### DATA TO EXAMINE

BEGIN

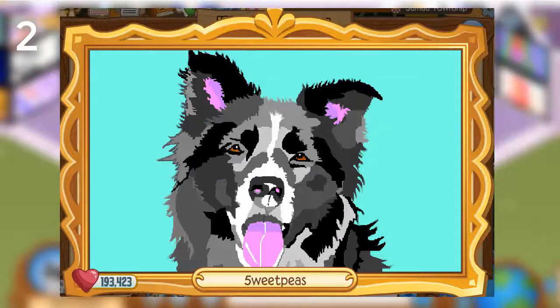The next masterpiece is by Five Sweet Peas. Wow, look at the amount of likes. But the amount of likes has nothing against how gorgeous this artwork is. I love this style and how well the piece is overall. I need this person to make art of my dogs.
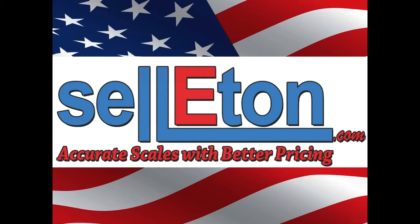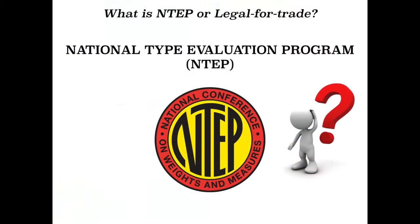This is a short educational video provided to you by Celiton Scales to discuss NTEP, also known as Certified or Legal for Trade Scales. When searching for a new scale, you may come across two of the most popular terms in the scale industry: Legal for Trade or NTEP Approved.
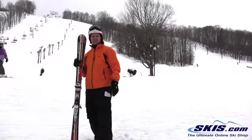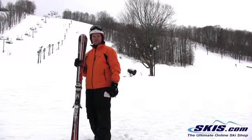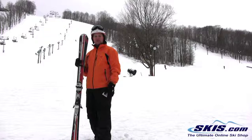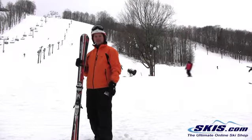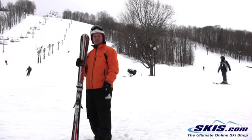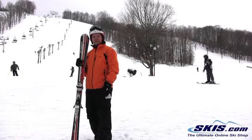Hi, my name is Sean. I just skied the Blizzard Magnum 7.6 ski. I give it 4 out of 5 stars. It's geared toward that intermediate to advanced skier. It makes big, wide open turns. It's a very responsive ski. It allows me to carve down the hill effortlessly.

END
BEGIN

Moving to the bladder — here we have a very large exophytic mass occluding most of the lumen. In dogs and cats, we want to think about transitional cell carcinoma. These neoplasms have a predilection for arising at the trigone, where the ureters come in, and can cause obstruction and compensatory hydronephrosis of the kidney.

END

### ASSIGNMENT
Out of the records above, please copy exactly the lines from the line with "The next masterpiece" up to and including the line with "This is a short", minus the pictures.

### RESULT OF THE TASK
The next masterpiece is by Five Sweet Peas. Wow, look at the amount of likes. But the amount of likes has nothing against how gorgeous this artwork is. I love this style and how well the piece is overall. I need this person to make art of my dogs.
This is a short educational video provided to you by Celiton Scales to discuss NTEP, also known as Certified or Legal for Trade Scales. When searching for a new scale, you may come across two of the most popular terms in the scale industry: Legal for Trade or NTEP Approved.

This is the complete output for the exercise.